#### SUPPLIED RECORDS

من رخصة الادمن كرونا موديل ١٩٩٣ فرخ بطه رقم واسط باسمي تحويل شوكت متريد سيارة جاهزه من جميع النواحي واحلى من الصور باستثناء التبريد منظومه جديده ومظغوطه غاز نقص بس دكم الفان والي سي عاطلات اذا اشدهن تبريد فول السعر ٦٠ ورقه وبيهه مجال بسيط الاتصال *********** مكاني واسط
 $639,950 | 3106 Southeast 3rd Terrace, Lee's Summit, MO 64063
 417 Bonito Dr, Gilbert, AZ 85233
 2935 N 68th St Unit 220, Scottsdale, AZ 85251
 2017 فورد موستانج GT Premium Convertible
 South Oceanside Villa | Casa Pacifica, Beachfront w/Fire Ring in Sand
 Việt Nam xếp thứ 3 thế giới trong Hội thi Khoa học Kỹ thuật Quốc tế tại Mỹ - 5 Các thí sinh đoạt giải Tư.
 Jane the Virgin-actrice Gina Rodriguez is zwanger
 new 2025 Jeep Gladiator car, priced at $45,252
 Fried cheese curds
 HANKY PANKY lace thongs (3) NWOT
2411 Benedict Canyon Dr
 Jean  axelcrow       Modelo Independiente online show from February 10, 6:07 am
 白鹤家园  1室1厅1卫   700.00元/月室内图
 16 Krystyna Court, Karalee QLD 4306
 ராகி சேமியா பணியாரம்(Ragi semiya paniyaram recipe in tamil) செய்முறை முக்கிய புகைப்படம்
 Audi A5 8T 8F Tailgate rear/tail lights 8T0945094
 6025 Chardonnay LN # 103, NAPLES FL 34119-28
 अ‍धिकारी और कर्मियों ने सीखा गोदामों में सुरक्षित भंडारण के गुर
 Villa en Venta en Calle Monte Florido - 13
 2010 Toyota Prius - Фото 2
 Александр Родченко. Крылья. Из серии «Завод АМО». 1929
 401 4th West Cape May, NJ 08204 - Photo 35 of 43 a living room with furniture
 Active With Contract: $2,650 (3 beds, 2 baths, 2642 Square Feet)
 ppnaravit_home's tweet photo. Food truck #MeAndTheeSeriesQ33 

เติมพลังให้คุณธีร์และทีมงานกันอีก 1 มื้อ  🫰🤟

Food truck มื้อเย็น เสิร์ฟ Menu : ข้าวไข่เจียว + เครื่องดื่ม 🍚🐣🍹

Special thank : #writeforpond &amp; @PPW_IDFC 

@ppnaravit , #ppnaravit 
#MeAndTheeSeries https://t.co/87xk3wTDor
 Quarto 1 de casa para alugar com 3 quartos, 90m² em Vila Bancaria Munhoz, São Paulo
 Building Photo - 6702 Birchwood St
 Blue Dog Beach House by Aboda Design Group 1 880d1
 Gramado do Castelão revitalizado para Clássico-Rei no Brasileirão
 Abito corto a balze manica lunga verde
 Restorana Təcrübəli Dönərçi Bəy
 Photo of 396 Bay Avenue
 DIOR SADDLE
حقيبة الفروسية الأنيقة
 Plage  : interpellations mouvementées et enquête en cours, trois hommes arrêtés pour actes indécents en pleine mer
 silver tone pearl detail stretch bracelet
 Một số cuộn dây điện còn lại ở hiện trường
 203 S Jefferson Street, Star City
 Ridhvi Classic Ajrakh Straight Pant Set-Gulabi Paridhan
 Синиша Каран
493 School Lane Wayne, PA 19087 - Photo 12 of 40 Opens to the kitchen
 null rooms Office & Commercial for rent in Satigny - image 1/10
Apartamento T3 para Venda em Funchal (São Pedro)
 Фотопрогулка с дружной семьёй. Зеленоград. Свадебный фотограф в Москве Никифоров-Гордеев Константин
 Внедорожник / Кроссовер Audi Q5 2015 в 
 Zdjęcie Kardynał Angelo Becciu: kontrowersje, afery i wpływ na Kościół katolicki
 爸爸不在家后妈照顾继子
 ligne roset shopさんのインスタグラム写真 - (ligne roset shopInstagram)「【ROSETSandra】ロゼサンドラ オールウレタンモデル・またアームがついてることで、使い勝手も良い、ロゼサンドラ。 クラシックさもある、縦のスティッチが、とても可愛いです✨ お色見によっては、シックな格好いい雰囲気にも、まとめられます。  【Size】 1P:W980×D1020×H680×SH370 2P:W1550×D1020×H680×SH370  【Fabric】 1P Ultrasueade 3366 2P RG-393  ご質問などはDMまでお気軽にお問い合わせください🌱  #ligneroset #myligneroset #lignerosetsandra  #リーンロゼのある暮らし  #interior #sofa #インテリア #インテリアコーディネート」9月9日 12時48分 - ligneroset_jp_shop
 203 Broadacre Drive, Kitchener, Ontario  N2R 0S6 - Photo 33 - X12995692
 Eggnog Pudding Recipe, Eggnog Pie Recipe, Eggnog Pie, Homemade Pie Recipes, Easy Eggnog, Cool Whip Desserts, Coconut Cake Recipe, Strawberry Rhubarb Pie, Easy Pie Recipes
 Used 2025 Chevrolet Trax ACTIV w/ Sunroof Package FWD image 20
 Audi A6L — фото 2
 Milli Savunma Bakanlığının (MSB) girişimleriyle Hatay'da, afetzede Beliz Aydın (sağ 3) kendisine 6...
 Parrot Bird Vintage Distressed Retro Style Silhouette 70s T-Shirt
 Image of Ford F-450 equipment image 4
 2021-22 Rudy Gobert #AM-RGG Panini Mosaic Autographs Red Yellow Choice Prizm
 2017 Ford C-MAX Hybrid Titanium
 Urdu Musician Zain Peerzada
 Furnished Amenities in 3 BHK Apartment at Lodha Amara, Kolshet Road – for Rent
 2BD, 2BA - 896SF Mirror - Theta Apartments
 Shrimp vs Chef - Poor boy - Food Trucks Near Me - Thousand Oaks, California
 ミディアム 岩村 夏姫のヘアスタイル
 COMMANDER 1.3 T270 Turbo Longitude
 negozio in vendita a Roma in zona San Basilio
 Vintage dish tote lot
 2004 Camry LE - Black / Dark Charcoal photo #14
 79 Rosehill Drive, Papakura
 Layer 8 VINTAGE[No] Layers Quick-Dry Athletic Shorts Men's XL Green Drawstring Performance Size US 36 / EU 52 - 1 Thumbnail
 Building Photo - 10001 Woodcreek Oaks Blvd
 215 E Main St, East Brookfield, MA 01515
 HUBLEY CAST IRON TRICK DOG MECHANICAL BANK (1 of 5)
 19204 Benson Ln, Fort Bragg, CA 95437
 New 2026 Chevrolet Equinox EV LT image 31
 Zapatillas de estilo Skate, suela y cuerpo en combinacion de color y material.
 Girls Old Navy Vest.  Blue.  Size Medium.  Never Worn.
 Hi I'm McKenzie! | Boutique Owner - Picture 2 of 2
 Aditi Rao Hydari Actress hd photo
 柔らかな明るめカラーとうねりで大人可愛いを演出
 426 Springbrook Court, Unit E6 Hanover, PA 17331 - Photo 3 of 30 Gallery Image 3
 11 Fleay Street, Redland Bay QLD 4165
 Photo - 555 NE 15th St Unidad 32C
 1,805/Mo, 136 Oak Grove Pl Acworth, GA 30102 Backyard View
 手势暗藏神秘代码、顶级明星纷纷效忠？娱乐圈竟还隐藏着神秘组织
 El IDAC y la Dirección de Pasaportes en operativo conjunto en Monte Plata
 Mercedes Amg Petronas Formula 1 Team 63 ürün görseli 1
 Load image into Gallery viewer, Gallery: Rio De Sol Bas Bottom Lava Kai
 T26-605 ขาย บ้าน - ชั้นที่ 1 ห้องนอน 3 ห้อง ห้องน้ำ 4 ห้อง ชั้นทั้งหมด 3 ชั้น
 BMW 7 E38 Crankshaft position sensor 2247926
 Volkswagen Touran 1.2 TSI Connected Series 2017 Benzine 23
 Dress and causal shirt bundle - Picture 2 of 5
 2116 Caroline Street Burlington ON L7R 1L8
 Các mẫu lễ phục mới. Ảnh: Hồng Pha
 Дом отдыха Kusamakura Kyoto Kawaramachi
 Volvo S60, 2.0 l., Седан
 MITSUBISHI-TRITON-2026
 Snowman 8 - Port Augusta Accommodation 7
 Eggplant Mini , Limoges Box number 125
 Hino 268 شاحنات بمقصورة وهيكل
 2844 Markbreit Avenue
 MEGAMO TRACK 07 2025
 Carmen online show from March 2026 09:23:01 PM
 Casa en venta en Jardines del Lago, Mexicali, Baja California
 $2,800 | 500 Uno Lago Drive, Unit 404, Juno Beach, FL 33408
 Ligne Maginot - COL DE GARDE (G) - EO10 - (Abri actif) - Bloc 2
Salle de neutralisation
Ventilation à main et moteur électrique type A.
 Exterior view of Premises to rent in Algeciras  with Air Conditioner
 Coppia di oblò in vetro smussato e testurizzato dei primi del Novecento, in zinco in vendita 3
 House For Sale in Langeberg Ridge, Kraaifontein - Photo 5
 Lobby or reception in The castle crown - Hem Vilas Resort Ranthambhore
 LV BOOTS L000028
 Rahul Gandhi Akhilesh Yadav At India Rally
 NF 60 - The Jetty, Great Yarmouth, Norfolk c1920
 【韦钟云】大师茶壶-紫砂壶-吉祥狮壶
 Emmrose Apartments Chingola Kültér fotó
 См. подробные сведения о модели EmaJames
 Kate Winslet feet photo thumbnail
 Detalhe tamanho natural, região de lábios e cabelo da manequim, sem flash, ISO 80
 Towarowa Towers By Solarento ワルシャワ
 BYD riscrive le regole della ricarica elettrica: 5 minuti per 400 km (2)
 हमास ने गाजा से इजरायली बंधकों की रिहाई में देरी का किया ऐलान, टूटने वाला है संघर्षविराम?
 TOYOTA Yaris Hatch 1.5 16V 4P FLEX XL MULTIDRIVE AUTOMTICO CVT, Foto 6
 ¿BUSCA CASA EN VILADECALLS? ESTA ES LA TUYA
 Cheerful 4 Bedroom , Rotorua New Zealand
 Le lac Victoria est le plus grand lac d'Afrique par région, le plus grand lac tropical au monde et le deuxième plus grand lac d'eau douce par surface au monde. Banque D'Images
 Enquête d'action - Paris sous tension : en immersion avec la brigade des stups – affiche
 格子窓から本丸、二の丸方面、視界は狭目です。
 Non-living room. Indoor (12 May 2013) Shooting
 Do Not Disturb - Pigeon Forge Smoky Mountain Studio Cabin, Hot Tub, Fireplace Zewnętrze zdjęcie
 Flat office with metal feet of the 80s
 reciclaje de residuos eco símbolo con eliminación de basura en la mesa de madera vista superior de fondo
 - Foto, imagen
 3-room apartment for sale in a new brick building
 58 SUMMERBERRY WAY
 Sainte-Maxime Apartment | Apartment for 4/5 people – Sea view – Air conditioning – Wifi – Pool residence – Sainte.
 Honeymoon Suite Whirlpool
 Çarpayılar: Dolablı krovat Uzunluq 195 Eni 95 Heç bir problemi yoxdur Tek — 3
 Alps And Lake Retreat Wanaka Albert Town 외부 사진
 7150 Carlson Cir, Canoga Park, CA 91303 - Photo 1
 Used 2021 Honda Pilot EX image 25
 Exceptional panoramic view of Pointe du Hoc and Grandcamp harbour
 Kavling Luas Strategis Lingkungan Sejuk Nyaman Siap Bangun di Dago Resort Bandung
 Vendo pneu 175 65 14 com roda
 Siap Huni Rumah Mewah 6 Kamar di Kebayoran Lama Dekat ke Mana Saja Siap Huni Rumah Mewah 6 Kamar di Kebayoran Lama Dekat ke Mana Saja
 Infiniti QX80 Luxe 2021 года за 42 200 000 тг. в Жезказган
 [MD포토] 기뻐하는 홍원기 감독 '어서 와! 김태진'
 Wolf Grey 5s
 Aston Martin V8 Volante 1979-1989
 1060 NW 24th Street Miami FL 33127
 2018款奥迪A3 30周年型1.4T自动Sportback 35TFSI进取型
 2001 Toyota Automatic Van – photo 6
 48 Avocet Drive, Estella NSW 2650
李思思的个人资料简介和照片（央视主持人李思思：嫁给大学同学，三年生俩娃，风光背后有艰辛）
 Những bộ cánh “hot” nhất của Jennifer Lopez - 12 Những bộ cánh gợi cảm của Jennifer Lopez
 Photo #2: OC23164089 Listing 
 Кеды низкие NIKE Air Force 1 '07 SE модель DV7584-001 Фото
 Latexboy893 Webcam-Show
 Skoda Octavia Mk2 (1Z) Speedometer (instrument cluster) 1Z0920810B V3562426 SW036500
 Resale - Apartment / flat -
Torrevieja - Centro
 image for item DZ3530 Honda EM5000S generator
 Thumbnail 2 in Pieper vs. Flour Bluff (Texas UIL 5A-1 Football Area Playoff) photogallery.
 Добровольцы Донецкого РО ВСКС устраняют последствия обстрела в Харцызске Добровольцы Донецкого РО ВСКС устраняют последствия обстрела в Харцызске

#### REQUIRED ACTION
Please count how many lines of the listing include the word "para", giving the number by itself.

#### YOUR SOLUTION
3